[Short web captions]
[Start of section]

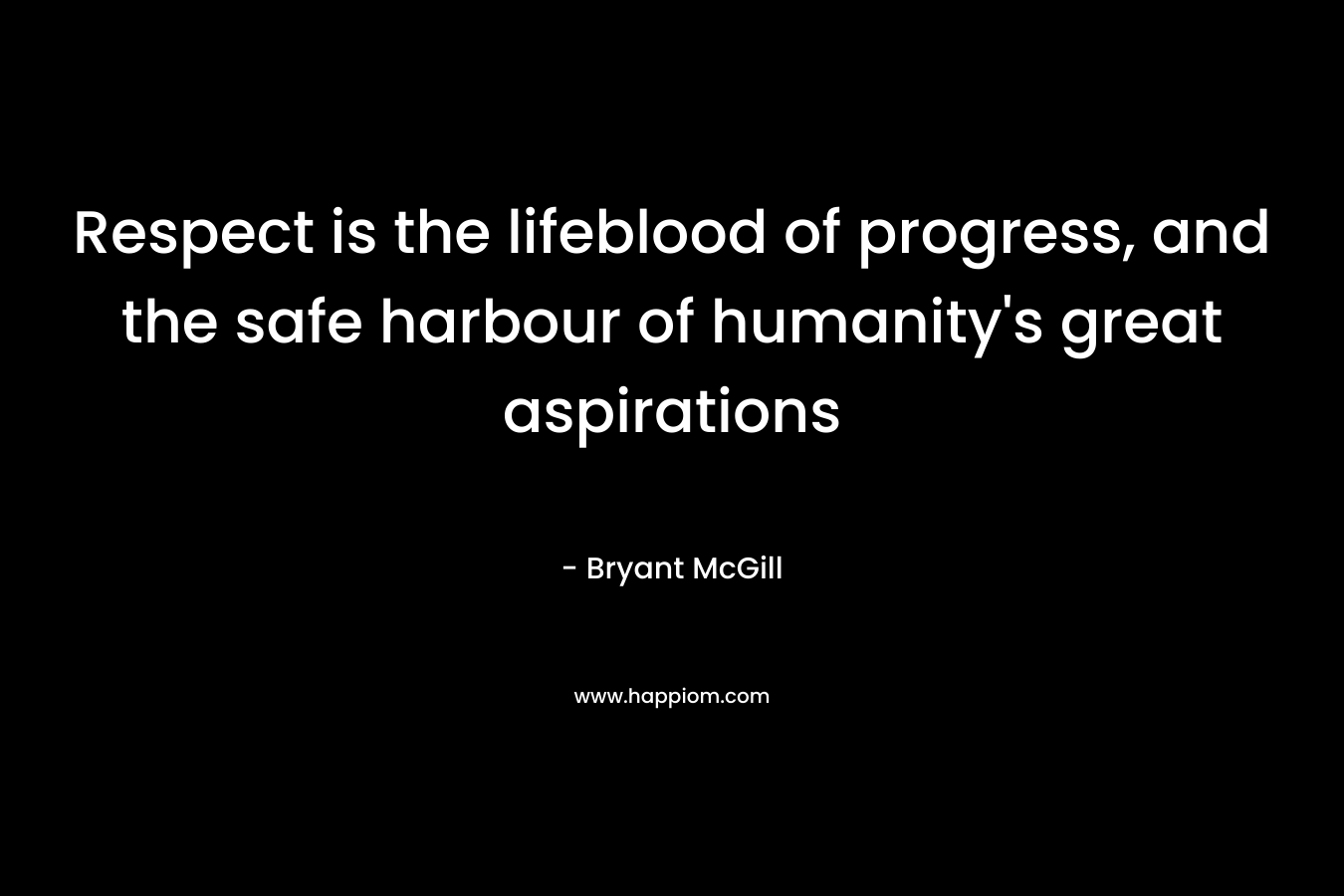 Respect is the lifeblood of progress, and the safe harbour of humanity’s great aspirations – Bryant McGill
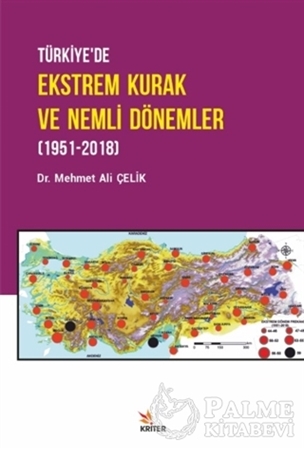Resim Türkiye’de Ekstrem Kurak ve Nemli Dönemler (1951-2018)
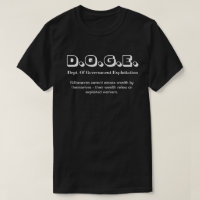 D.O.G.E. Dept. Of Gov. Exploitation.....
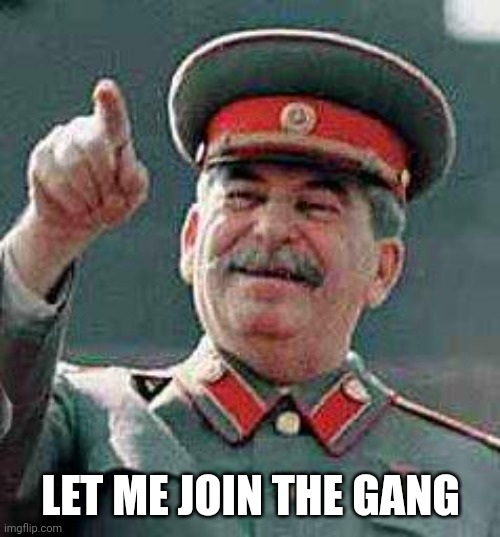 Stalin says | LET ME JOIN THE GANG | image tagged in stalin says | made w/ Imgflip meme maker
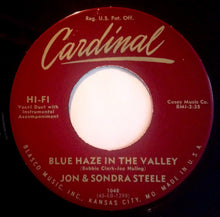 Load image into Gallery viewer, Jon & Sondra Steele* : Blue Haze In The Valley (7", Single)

[End of section]

Please print the entries exactly as they stand. Images are not part of the copy.

▶ Response:
 Respect is the lifeblood of progress, and the safe harbour of humanity’s great aspirations – Bryant McGill
Resim Türkiye’de Ekstrem Kurak ve Nemli Dönemler (1951-2018)
 D.O.G.E. Dept. Of Gov. Exploitation.....
 Stalin says | LET ME JOIN THE GANG | image tagged in stalin says | made w/ Imgflip meme maker
 Load image into Gallery viewer, Jon & Sondra Steele* : Blue Haze In The Valley (7", Single)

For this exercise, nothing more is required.